BRIEF:
The lines to retype run from the one containing "This is a photo" through the end of the listing below. Reproduce them exactly, leaving out pictures.
::: PROVIDED DATA :::
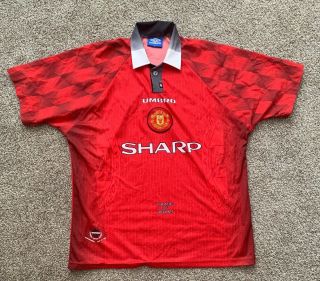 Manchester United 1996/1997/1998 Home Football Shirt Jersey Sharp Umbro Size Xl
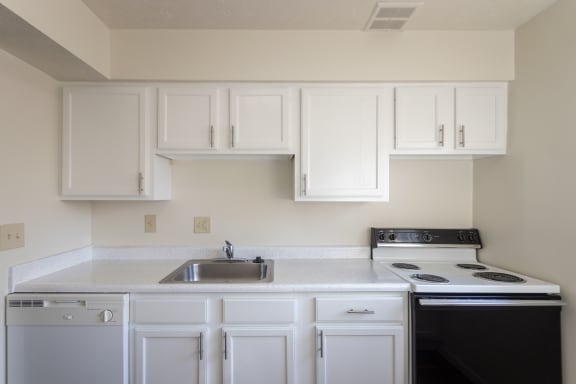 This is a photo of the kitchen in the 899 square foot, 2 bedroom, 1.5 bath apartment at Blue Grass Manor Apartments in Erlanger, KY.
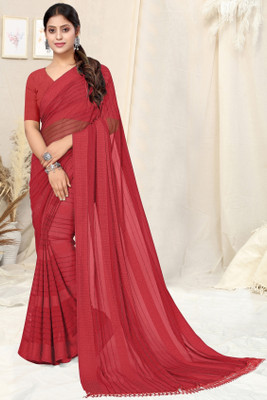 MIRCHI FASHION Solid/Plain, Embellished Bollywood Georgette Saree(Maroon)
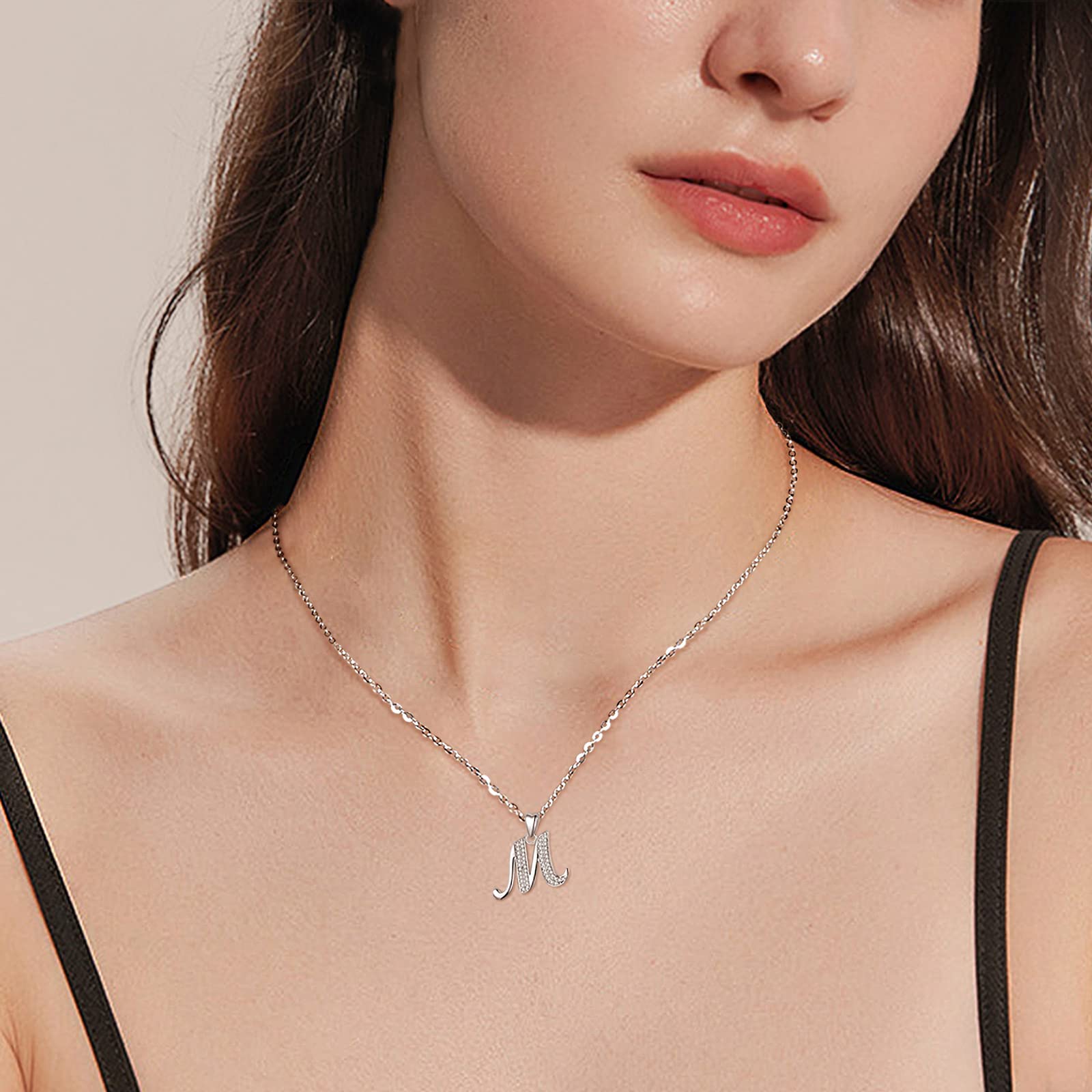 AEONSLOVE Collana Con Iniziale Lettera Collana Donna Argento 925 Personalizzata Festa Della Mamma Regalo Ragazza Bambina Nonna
:::
TASK RESPONSE:
 This is a photo of the kitchen in the 899 square foot, 2 bedroom, 1.5 bath apartment at Blue Grass Manor Apartments in Erlanger, KY.
 MIRCHI FASHION Solid/Plain, Embellished Bollywood Georgette Saree(Maroon)
 AEONSLOVE Collana Con Iniziale Lettera Collana Donna Argento 925 Personalizzata Festa Della Mamma Regalo Ragazza Bambina Nonna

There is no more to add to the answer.